Et pour cause ! Car l’argument principal des néo-cons du parti conservateur est que Maurice est sous influence… chinoise, ce qui rendrait, prétendon, possible une base de Xi à proximité de Diego Garcia, même si nous accordions un bail à longue durée sur Diego Garcia aux Américains.

Cette idée est évidemment ridicule, d’abord parce que notre ‘sugar daddy’ attitré depuis des années, c’est l’Inde et pas la Chine. L’Inde s’est d’ailleurs blottie confortablement à Agaléga et, ayant plus d’une fois démontré, à notre grande honte, son ascendance sur notre souveraineté nationale (le responsable de la sécurité nationale, depuis 1983, est toujours un citoyen indien !), elle aura clairement son mot à dire sur toute présence militaire chinoise sur notre territoire, a fortiori aux Chagos. Or l’Inde, qui est membre du QUAD, connaît des relations tendues avec la Chine et ne sera sûrement pas accommodante, d’autant plus après avoir été invitée à quitter les Maldives après les récentes élections, ce qui ne fait guère ses affaires dans ‘son’ océan…
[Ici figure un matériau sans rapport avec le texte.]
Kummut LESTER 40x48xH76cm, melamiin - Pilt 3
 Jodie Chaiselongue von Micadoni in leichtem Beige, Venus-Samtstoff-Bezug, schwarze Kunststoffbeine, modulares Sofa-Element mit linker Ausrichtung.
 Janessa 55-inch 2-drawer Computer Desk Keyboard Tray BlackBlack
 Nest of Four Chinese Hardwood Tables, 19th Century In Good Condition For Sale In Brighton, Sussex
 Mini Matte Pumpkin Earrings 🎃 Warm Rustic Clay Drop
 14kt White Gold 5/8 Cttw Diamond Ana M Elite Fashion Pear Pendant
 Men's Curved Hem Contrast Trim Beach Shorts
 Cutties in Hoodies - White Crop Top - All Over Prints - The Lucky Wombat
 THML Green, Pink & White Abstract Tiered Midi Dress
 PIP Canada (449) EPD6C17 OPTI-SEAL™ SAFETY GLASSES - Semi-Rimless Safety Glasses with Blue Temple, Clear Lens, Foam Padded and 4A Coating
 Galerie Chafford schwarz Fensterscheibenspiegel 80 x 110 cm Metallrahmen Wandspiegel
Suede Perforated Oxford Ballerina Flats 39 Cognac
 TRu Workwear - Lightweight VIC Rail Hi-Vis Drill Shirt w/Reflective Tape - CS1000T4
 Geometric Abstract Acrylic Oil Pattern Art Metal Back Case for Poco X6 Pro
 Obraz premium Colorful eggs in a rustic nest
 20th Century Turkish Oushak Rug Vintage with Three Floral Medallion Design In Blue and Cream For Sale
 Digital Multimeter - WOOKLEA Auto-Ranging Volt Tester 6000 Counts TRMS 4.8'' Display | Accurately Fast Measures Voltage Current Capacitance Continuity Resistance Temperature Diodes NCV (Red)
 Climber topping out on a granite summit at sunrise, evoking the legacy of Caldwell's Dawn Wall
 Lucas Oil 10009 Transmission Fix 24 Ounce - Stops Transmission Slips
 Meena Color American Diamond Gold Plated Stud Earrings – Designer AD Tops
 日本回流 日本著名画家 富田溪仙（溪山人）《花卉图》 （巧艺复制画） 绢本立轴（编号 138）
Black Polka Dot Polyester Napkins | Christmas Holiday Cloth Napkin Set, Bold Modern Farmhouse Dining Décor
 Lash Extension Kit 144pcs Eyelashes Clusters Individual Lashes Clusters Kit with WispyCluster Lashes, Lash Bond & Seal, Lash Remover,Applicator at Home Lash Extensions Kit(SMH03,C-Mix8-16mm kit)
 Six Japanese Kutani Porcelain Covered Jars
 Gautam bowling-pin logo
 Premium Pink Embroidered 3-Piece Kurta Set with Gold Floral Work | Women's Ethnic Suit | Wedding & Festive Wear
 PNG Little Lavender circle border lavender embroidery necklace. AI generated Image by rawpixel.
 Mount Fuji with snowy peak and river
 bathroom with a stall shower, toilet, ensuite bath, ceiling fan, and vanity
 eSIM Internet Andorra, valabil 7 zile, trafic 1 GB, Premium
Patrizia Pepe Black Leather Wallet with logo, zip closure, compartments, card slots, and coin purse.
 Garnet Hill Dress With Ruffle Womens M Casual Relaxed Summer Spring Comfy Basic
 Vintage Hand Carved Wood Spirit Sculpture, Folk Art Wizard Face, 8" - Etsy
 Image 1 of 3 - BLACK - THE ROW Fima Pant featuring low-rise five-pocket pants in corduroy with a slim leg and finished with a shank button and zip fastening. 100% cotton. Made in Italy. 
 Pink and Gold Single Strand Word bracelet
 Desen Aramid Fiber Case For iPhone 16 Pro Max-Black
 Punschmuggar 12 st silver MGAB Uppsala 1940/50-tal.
Cette idée est farfelue aussi parce qu’il y a un prix douloureux à payer pour les grandes démocraties qui ne respectent pas l’ordre mondial qu’ils ont eux-mêmes mis en place et demandé aux autres de suivre après la guerre de 1939-45. La Grande- Bretagne a été mise à l’index par la Cour internationale de justice en février 2019, par un vote de 13 juges contre 1 (l’Américain …), invitant la Grande-Bretagne à compléter la décolonisation de Maurice au plus vite. À la suite de quoi, en mai 2019, par un vote de 116 contre 6 (Hongrie, Israël, G.B, USA, Maldives et Australie), l’Assemblée générale des Nations unies demandait aux Britanniques d’évacuer son administration coloniale des Chagos, lui donnant six mois pour le faire.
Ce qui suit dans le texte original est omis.